__Task objective__. Skipping all pictures, print exactly the lines below from the one with "Diario HOY |" through the final line.

[Scraped caption text data]

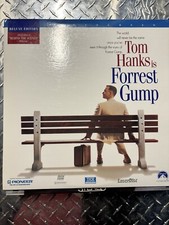 "Forrest Gump" Deluxe Edition Laserdisc LD - Tom Hanks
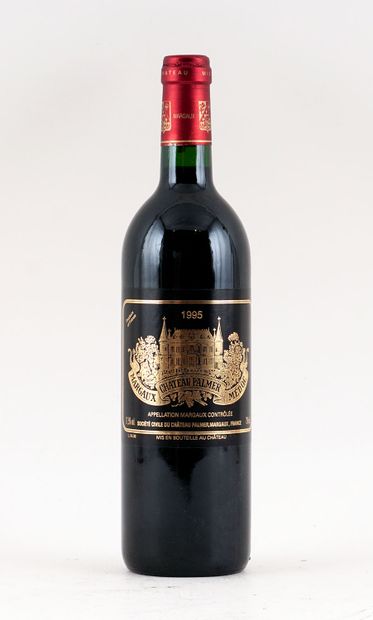 Château Palmer 1995 - 1 bouteille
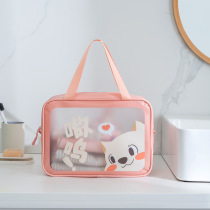 Swimming washing bath bag swimming bag traveling girls children girls small dry and wet separation storage supplies bathroom waterproof bag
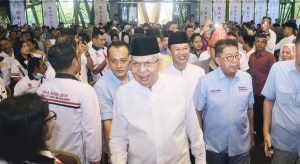 Ribuan Warga Deklarasi Siap Menangkan Pasangan MAHAR di Pilgub Sumsel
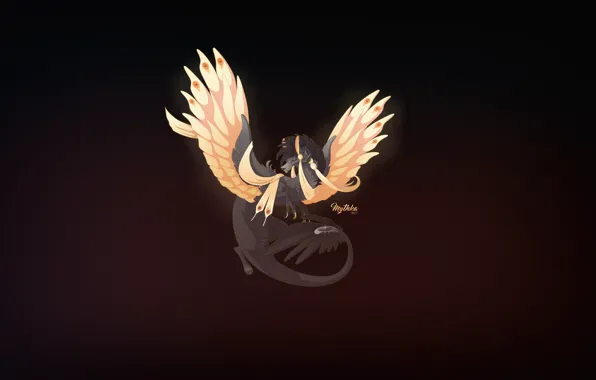 Dragon, Style, Background, Fantasy, Dragon, Mythology, Art, Art
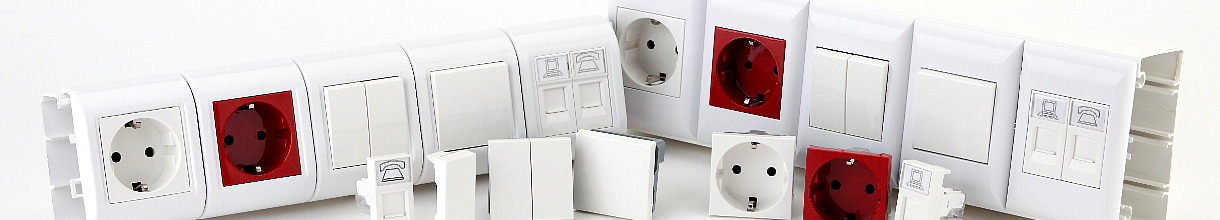 Установка розеток и выключателей от компании Элмон220
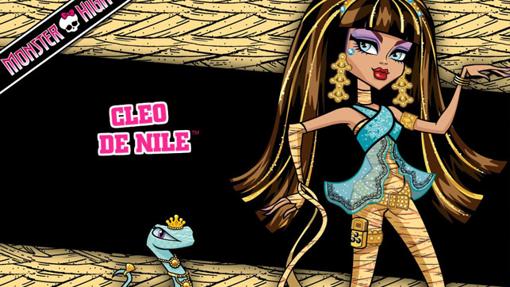 Cleo de Nilo, una momia fashion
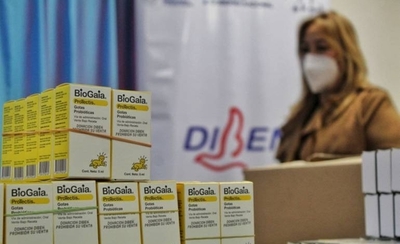 Diario HOY | Diben entrega importante lote de fármacos al Hospital de Clínicas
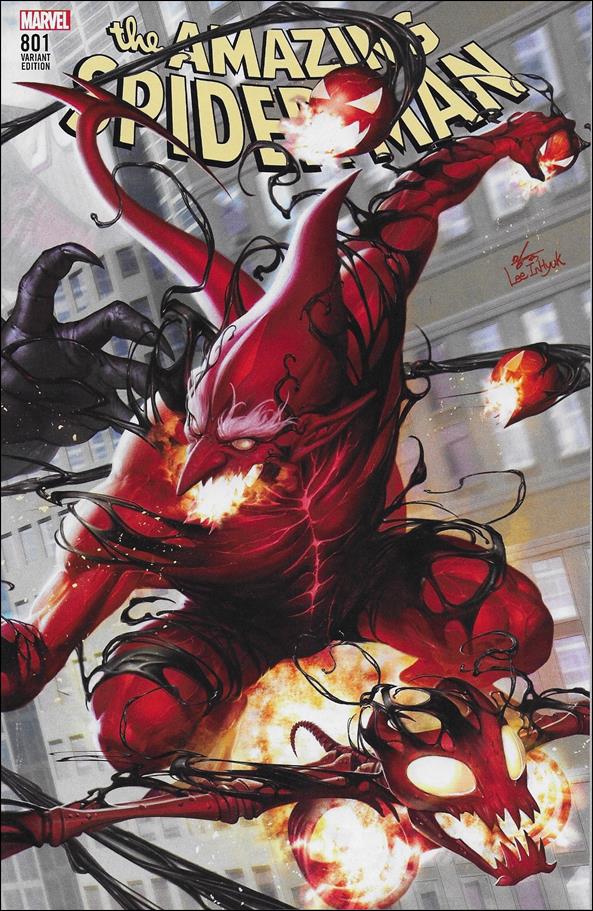 Amazing Spider-Man (1963) issue 801-J InHyuk Lee ComicXposure Standard Cover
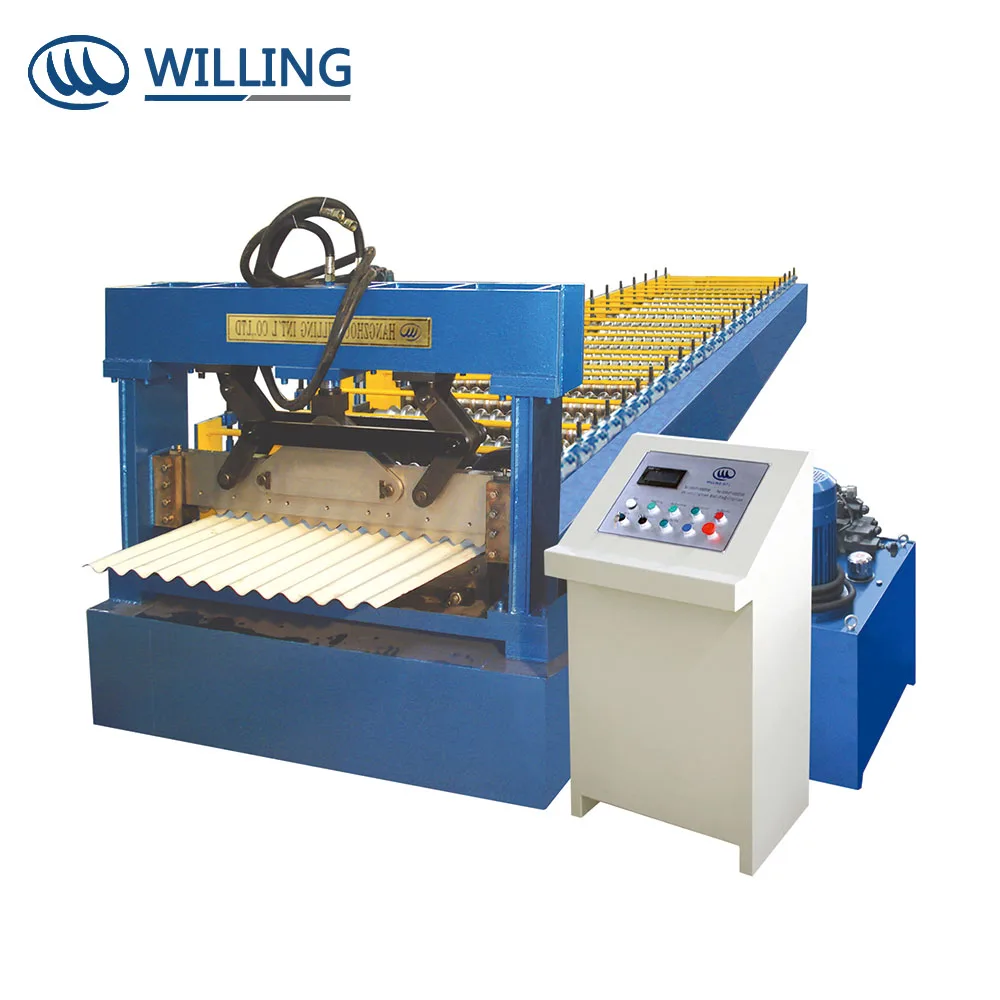 Metal Roofing Panel building Roll Forming Machine/Machinery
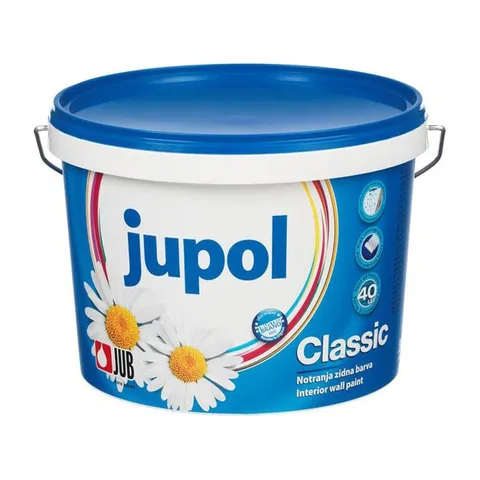 Zidna boja JUB Jupol Classic, 10 l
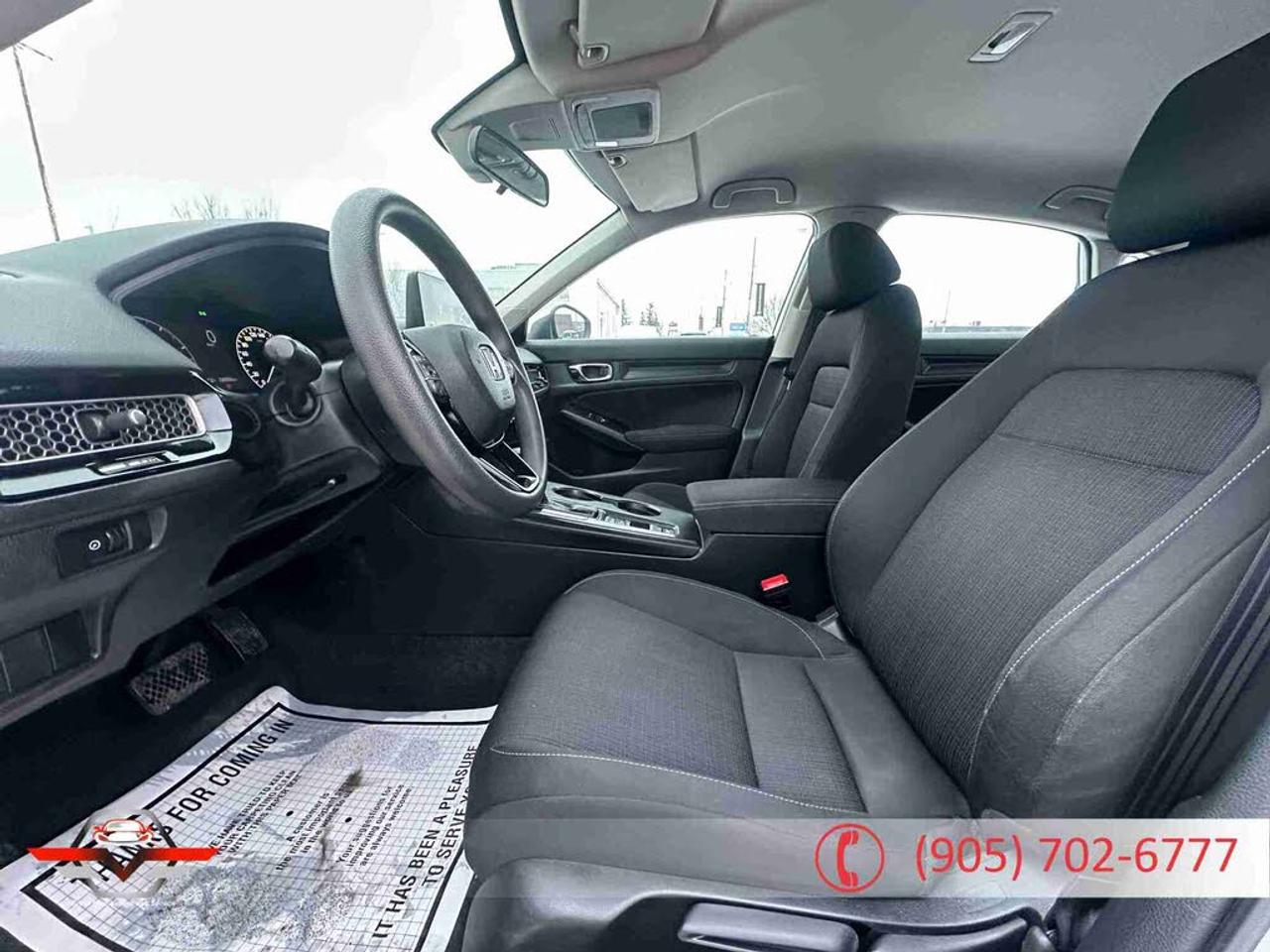 2022 Honda Civic LX FWD Photo
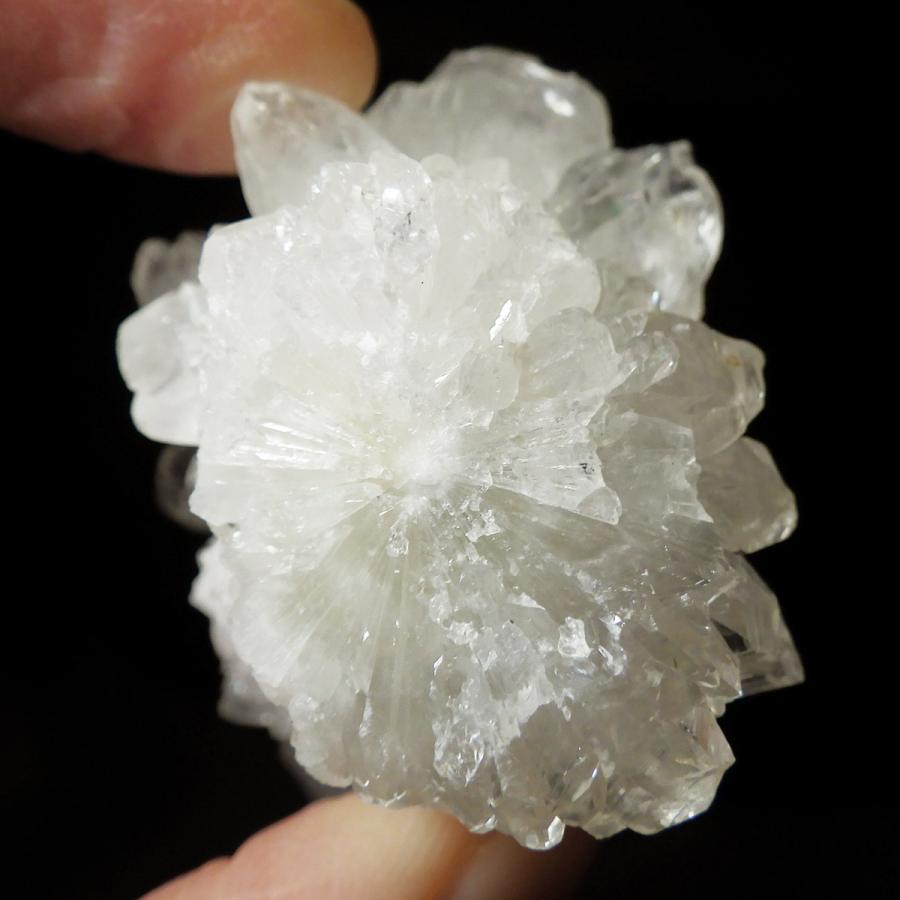ホワイトアラゴナイト フロスフェリ 結晶 原石 メキシコ産 天然石 パワーストーン 鉱物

__Your solution__.
 Diario HOY | Diben entrega importante lote de fármacos al Hospital de Clínicas
 Amazing Spider-Man (1963) issue 801-J InHyuk Lee ComicXposure Standard Cover
 Metal Roofing Panel building Roll Forming Machine/Machinery
 Zidna boja JUB Jupol Classic, 10 l
 2022 Honda Civic LX FWD Photo
ホワイトアラゴナイト フロスフェリ 結晶 原石 メキシコ産 天然石 パワーストーン 鉱物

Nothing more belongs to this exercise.